Those lines of the following listing which contain the string "Picture" should be returned.

** Opening Data for the task block **

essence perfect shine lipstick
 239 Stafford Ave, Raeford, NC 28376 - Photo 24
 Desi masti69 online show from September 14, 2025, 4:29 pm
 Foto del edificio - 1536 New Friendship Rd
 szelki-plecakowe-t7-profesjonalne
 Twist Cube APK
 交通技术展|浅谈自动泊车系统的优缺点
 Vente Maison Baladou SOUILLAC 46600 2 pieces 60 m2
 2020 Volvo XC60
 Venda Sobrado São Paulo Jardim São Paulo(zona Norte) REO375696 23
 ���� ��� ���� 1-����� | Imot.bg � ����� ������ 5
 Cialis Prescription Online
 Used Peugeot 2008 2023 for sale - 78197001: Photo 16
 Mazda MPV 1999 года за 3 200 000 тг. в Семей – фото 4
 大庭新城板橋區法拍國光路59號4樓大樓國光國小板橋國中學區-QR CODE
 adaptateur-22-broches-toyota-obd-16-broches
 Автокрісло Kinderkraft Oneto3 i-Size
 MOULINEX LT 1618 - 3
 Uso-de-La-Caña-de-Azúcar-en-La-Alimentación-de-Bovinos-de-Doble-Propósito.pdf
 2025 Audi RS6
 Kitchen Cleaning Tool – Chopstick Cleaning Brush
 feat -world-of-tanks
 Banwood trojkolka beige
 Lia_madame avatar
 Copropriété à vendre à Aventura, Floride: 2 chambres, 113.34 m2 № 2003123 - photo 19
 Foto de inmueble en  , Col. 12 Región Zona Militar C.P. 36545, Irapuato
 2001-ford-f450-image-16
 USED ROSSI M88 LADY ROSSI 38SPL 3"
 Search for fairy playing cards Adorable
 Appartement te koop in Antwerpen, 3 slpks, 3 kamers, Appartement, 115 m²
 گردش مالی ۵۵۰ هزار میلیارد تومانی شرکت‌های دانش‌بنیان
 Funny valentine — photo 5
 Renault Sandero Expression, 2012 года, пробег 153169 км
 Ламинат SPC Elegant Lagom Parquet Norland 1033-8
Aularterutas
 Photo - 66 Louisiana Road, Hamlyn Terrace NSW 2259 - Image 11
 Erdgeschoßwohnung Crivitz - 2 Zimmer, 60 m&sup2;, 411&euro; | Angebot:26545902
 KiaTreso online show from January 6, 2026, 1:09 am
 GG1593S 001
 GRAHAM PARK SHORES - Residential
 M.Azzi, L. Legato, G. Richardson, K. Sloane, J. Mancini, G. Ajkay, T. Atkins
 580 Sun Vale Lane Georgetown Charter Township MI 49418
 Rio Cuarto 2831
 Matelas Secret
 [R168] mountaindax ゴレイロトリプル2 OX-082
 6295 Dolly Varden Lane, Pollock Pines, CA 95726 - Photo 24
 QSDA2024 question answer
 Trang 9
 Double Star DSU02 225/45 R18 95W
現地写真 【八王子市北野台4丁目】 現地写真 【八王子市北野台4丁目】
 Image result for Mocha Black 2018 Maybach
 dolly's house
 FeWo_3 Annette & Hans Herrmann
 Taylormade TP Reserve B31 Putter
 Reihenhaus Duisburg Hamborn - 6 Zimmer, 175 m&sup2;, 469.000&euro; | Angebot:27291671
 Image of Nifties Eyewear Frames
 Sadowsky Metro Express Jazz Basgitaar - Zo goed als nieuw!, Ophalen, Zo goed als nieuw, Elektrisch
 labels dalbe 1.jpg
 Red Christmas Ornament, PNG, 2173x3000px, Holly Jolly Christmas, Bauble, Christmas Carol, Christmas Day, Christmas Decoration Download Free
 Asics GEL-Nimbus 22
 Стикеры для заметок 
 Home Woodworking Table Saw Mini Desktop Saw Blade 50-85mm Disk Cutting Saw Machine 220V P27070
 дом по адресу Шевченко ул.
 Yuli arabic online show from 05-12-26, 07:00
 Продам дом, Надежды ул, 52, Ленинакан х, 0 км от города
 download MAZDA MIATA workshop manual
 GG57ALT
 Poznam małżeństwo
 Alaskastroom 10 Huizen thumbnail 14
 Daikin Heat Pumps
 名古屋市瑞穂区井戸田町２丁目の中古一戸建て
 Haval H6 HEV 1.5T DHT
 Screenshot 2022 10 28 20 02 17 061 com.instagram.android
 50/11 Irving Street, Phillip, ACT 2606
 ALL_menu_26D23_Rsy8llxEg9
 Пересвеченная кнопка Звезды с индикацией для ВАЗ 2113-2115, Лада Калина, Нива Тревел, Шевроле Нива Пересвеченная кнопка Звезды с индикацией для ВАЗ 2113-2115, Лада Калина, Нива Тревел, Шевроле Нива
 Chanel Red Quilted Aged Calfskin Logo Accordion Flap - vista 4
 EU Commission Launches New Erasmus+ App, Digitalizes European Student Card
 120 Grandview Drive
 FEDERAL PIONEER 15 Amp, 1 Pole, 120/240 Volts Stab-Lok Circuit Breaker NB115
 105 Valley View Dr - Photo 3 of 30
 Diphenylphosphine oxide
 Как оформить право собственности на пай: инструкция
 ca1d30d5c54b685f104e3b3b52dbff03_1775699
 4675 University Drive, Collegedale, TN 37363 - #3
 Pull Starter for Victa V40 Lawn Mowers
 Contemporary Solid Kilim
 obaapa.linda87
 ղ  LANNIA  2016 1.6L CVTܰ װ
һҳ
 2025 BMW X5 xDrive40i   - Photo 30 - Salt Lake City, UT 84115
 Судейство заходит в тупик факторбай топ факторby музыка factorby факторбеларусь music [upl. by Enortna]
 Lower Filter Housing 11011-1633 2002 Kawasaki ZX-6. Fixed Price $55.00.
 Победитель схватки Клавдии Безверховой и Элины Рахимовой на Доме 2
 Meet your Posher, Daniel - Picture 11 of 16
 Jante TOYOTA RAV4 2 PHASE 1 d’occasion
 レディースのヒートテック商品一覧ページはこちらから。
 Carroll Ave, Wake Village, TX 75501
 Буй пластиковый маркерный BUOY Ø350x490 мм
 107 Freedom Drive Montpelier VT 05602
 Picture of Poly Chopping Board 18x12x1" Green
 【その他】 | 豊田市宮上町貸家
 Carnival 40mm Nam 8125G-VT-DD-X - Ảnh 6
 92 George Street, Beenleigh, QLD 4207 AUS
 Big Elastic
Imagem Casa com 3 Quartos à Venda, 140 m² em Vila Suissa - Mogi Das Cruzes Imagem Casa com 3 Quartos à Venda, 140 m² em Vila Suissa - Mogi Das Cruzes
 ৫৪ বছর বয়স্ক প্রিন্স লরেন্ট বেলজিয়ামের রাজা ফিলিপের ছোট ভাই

** Closing Data for the task block **

▶ **Solution for this problem**:
 Meet your Posher, Daniel - Picture 11 of 16
 Picture of Poly Chopping Board 18x12x1" Green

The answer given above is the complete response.